Transportes y Navegación Ramírez Hermanos SA contracted for the carriage of various goods from Barcelona, Spain, to Veracruz, Mexico, with the defendant, IFS International Forwarding SL. Among the goods to be grouped together in a single container were 1,720 kg of soap drums owned by Araesen Aromatique SL, and 1,253 plastic and metal drums owned by Unigolden. The carriage was covered by a bill of lading.
The defendant contracted with Zim for maritime transport. The relevant container was stuffed by Stock Cargo SL, with a preloading report issued by Control System Survey SL before the container was loaded onto the ship, giving its approval to the groupage. The cargo was loaded onto the Northern Practise. During the voyage, a fire was detected in the container. The plaintiff insurer, Zurich Insurance PLC, compensated the cargo owners on behalf of its insured, Transportes y Navegación Ramírez Hermanos SA, and then brought a claim of EUR 43,256.50 against the defendant. The plaintiff alleged negligence on the part of the carrier due to its decision to group the goods together, thereby increasing the risk of fire by mixing substances susceptible to combustion.
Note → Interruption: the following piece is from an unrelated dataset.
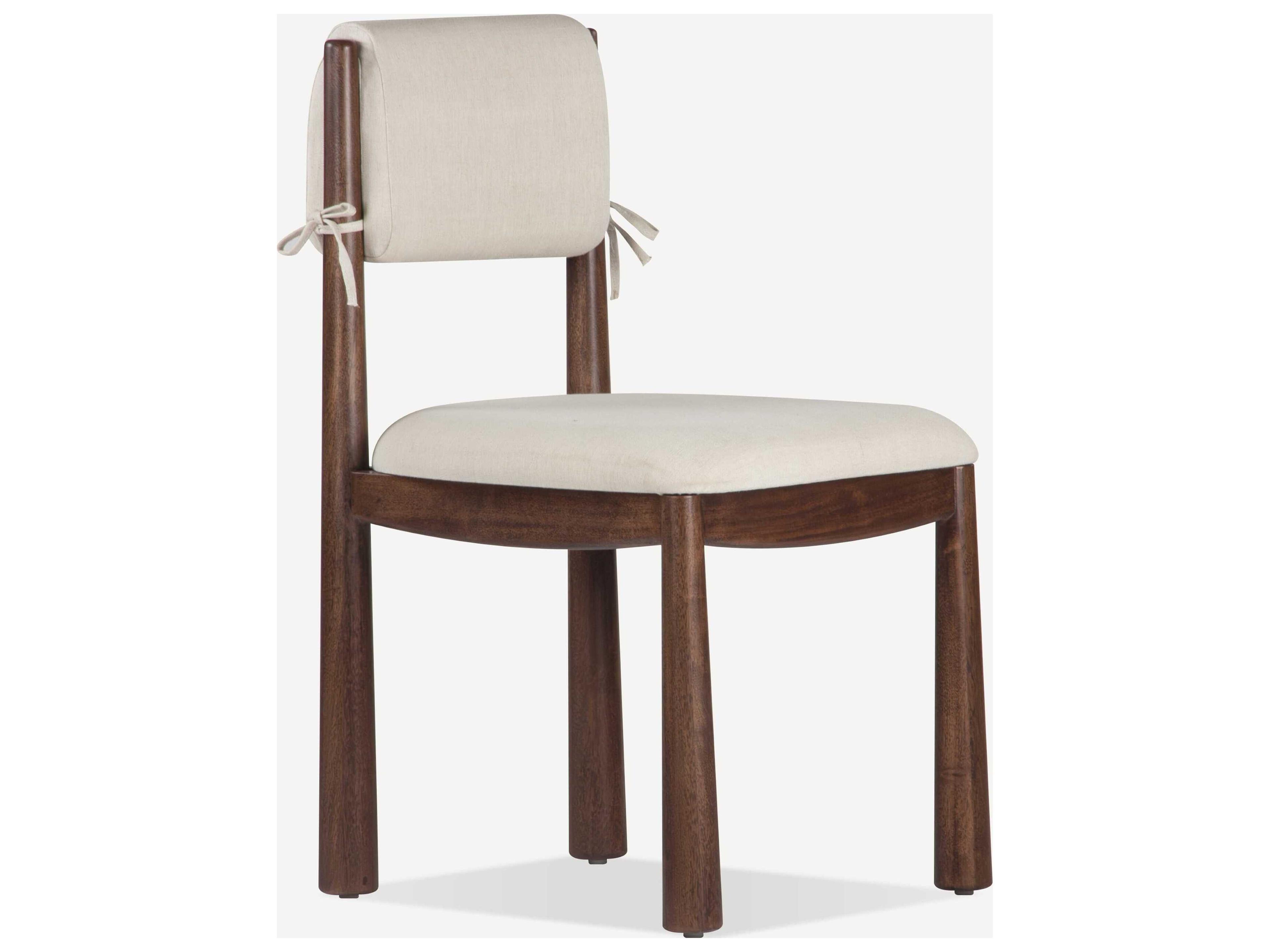 Cece Acacia Wood Brown Upholstered Armless Dining Chair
The Court of first instance held that the goods causing the fire were correctly labelled, secured, and lashed in the container, and therefore no responsibility could be attributed to the carrier, who had acted with due diligence, with the consequent dismissal of the claim. The plaintiff appealed.
Held: Appeal dismissed.
It is common ground that the applicable liability regime is established by the Brussels Convention of 25 August 1924 with the modifications introduced by the Protocols of 1968 and 1979 (the Hague-Visby Rules). The Hague-Visby Rules aim to regulate the liability of the maritime carrier for loss or damage to goods on the basis of liability for fault, which revolves around the obligations that the carrier assumes in the transport contract, and a list of causes of exoneration that must be invoked and proven, placing the burden of proof on the carrier, who will have to prove one of these causes (art 4.2 of the Hague-Visby Rules).
Article 4.2.b of the Convention provides that '[n]either the carrier nor the ship shall be responsible for loss or damage arising or resulting from ... (b) fire, unless caused by the actual fault or privity of the carrier'.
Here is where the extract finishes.